(Data entries)
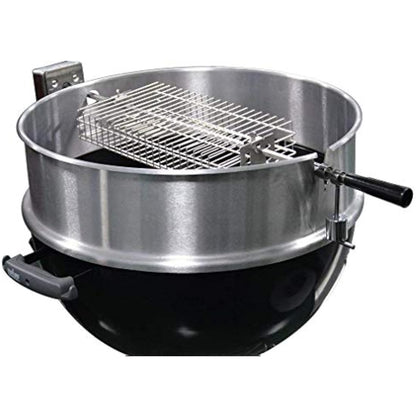 Onlyfire BRK-6042 Stainless Steel Flat Spit Rotisserie Grill Basket Fits 1/2” Hexagon, 3/8" Hexagon, 3/8" Square & 5/16" Square Rotisserie Spit Rods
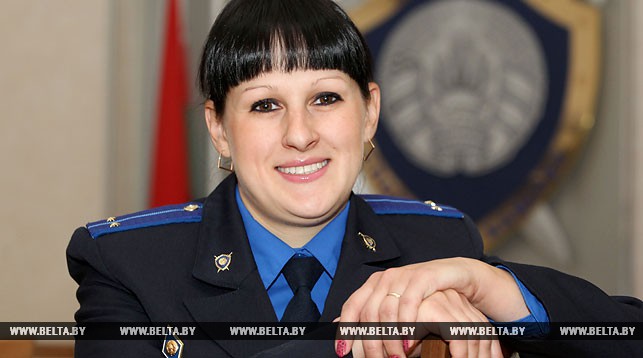 Следователь Витебского городского отдела следственного комитета Марина Фертикова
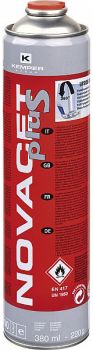 GAASIBALLOON 380ML (220G GAS) KEERMEGA 7/16" NOVACET PLUS 360°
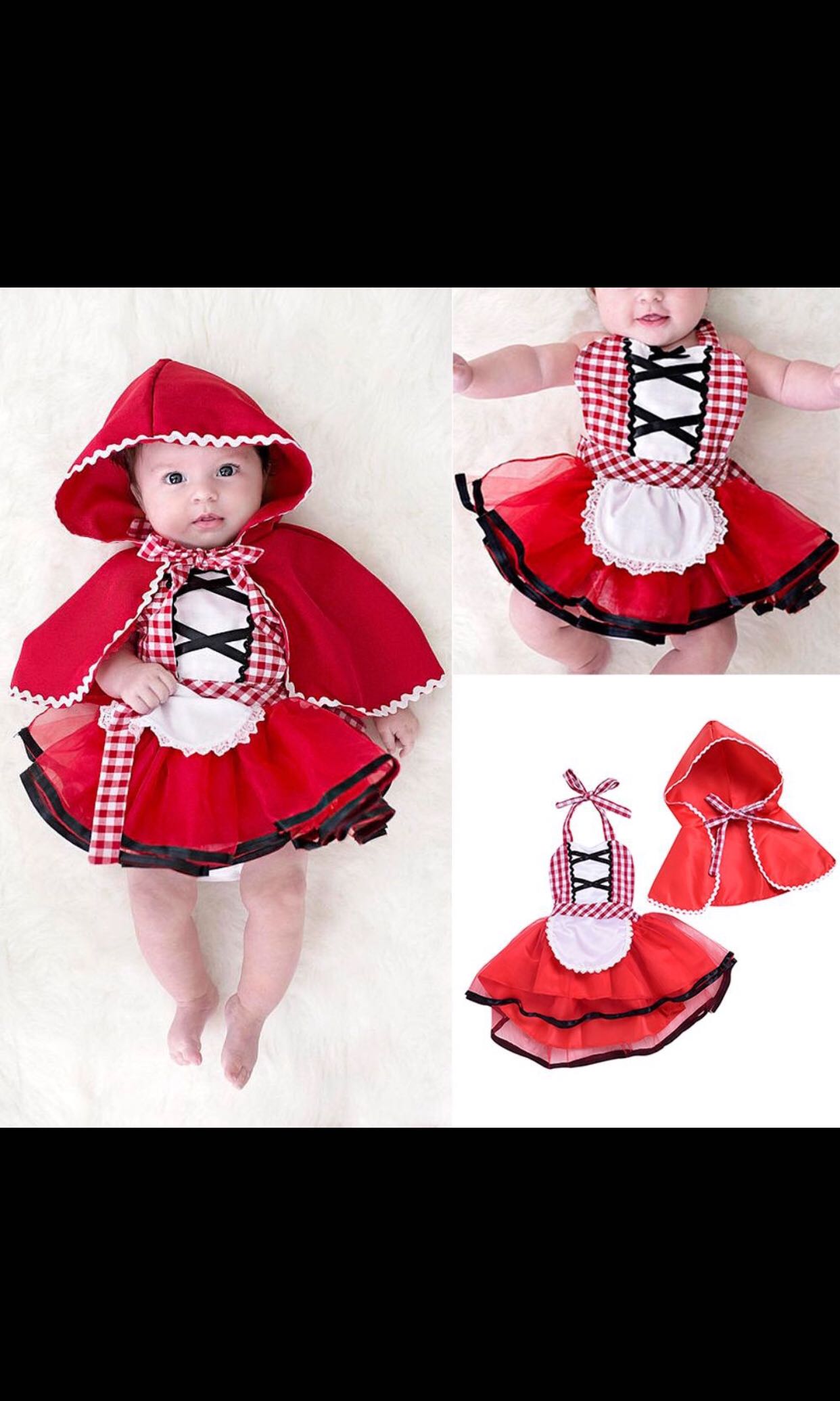 Little Red Riding Hood Costume Babies Kids Babies Kids Fashion On Carousell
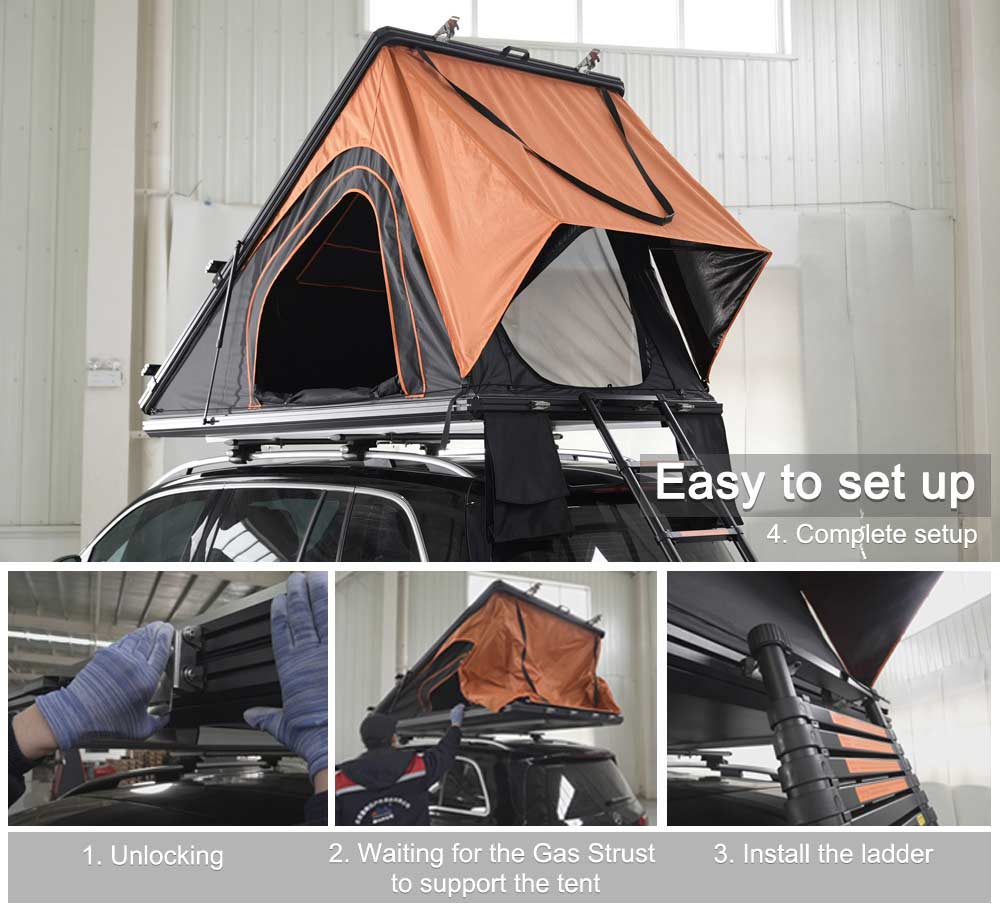 High Quality Top Quality Outdoor Camping Car Tent Aluminum Rooftop Tent Custom Suppliers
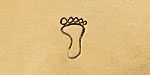 Right Foot Metal Stamp 6mm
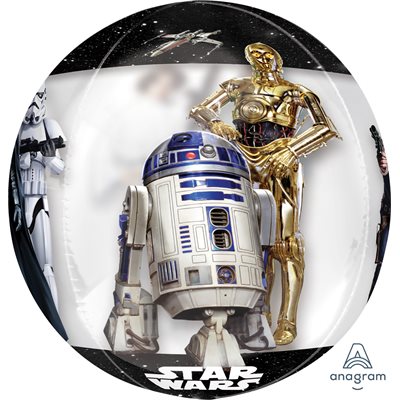 Bouquet  de ballons Star Wars. prix total $41.98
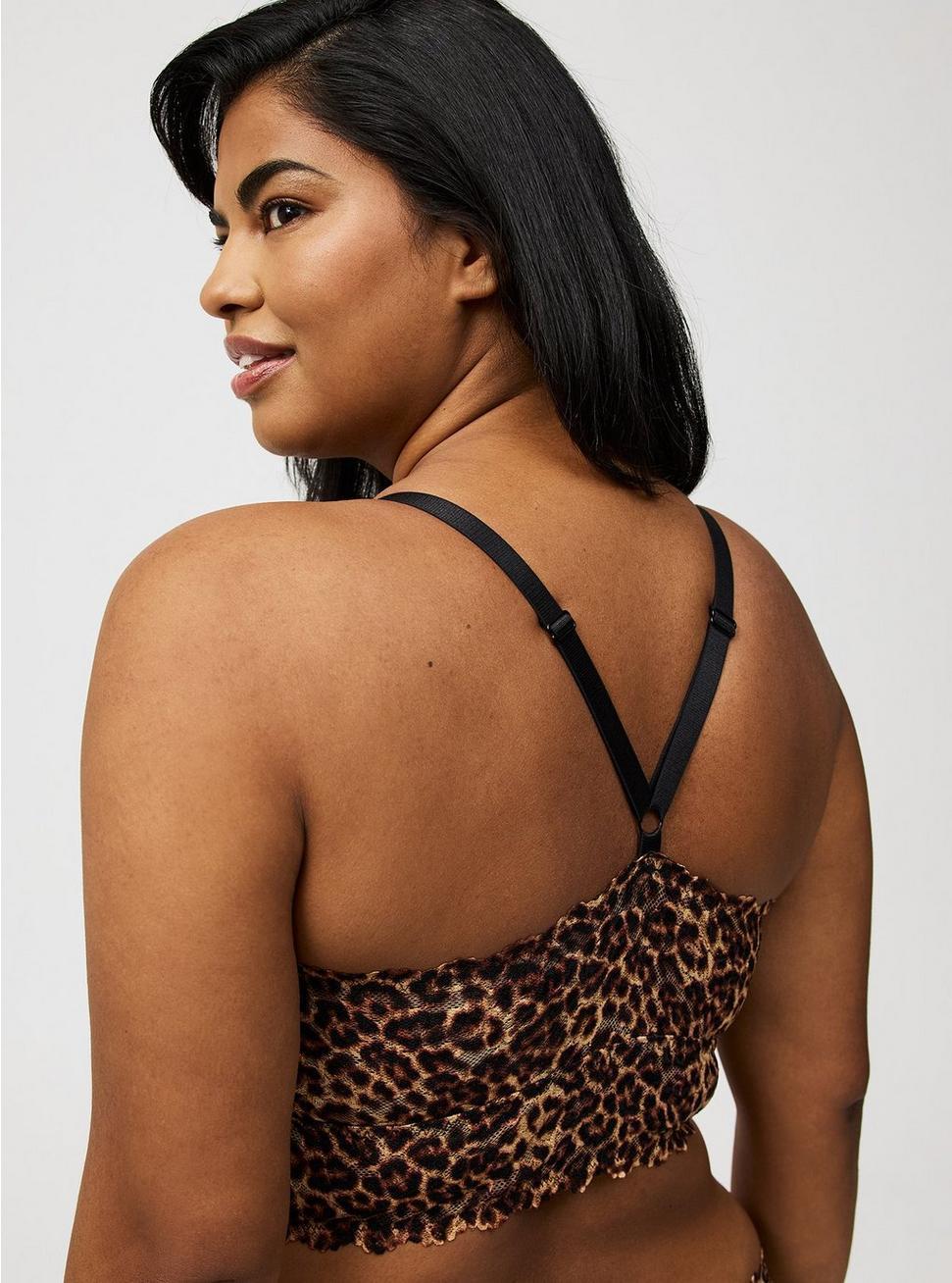 Lightly Lined Simply Lace XO Front Bralette Product Image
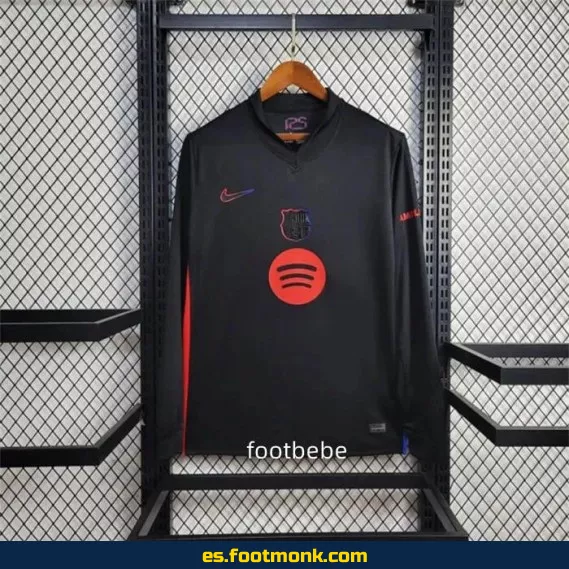 Camiseta FC Barcelona 2024-2025 Tercera Equipación Manga Larga - Edición Oficial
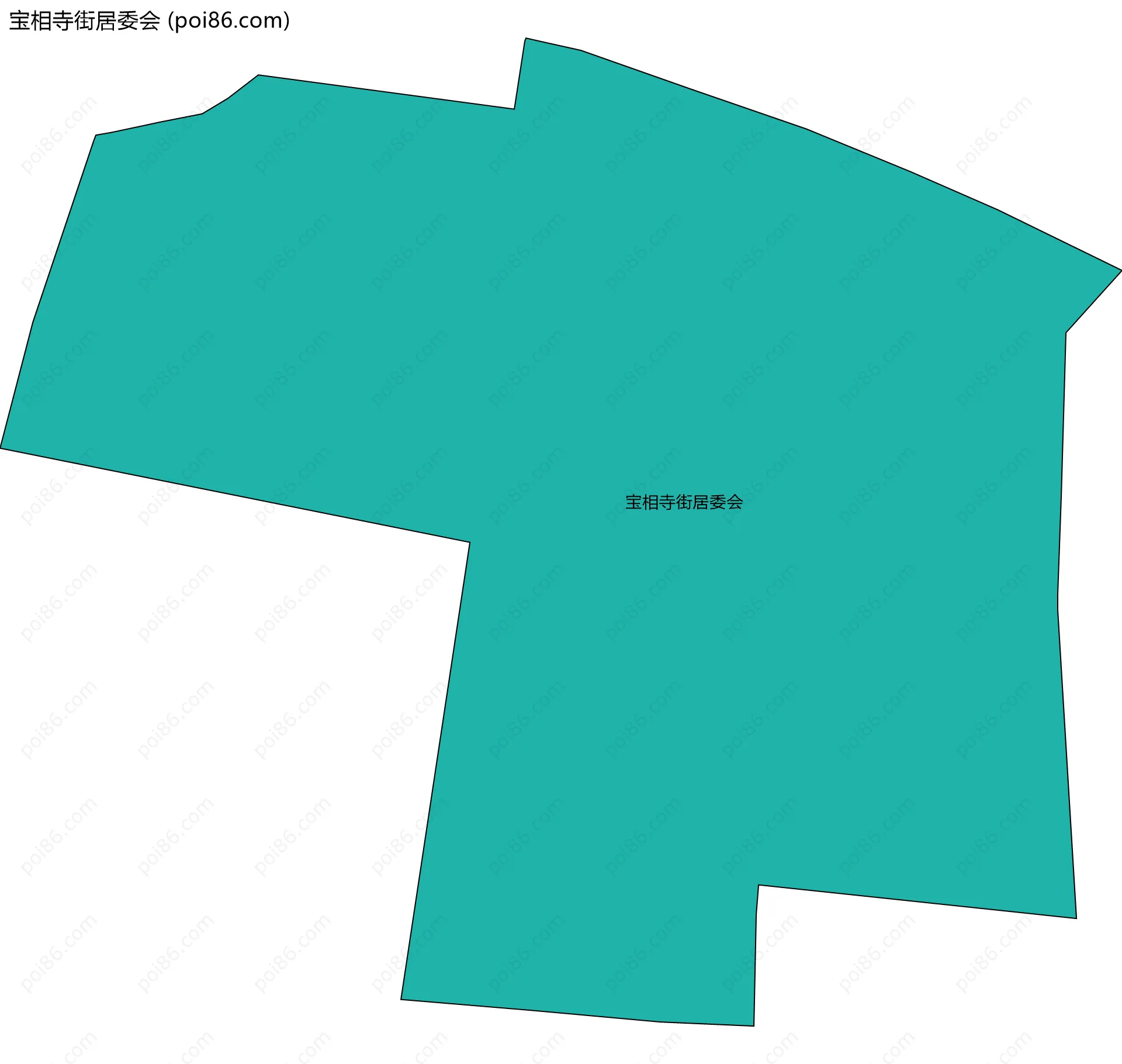 宝相寺街居委会边界地图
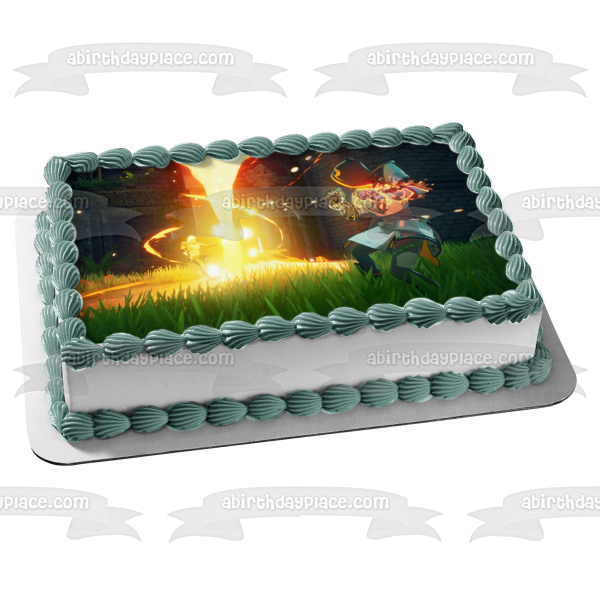 Spellbreak Fire Tornado Edible Cake Topper Image ABPID53669
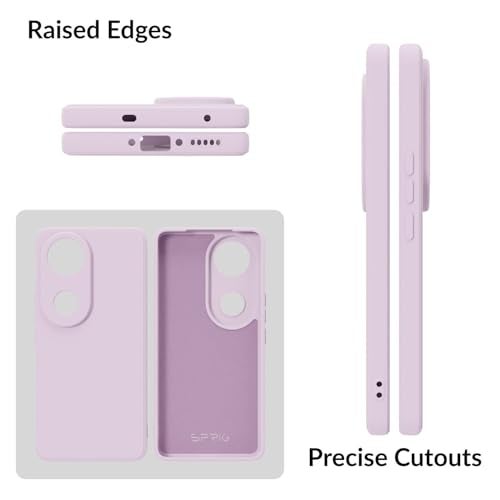 SPRIG Compatible with VIVO T4R 5G TPU Basic Premium Back Cover Case Drop Tested Shock Proof for Boys and Girls with Camera Protection (Lavender Purple) - Image 3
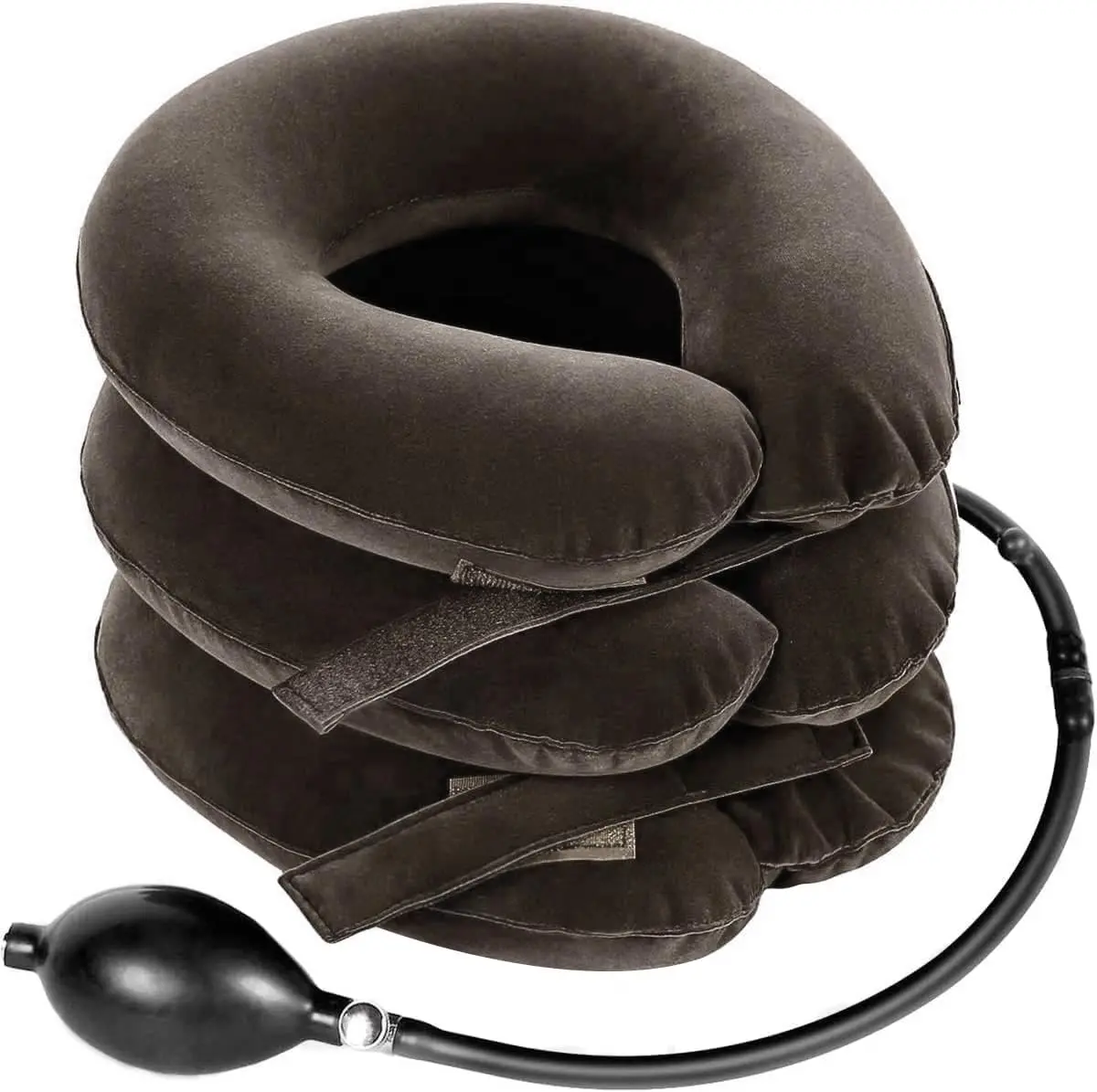Cervical Neck Traction Device for Instant Neck Pain Relief - Inflatable & Adjustable Neck tretcher Neck upport Brace, Neck Traction Pillow for Home Use Neck Decompression (Classic Gray)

## Exercise requirements
For each entry, repeat its text exactly and leave out any picture it holds.

## Solved exercise
 Onlyfire BRK-6042 Stainless Steel Flat Spit Rotisserie Grill Basket Fits 1/2” Hexagon, 3/8" Hexagon, 3/8" Square & 5/16" Square Rotisserie Spit Rods
 Следователь Витебского городского отдела следственного комитета Марина Фертикова
 GAASIBALLOON 380ML (220G GAS) KEERMEGA 7/16" NOVACET PLUS 360°
 Little Red Riding Hood Costume Babies Kids Babies Kids Fashion On Carousell
 High Quality Top Quality Outdoor Camping Car Tent Aluminum Rooftop Tent Custom Suppliers
 Right Foot Metal Stamp 6mm
 Bouquet  de ballons Star Wars. prix total $41.98
 Lightly Lined Simply Lace XO Front Bralette Product Image
 Camiseta FC Barcelona 2024-2025 Tercera Equipación Manga Larga - Edición Oficial
 宝相寺街居委会边界地图
 Spellbreak Fire Tornado Edible Cake Topper Image ABPID53669
 SPRIG Compatible with VIVO T4R 5G TPU Basic Premium Back Cover Case Drop Tested Shock Proof for Boys and Girls with Camera Protection (Lavender Purple) - Image 3
Cervical Neck Traction Device for Instant Neck Pain Relief - Inflatable & Adjustable Neck tretcher Neck upport Brace, Neck Traction Pillow for Home Use Neck Decompression (Classic Gray)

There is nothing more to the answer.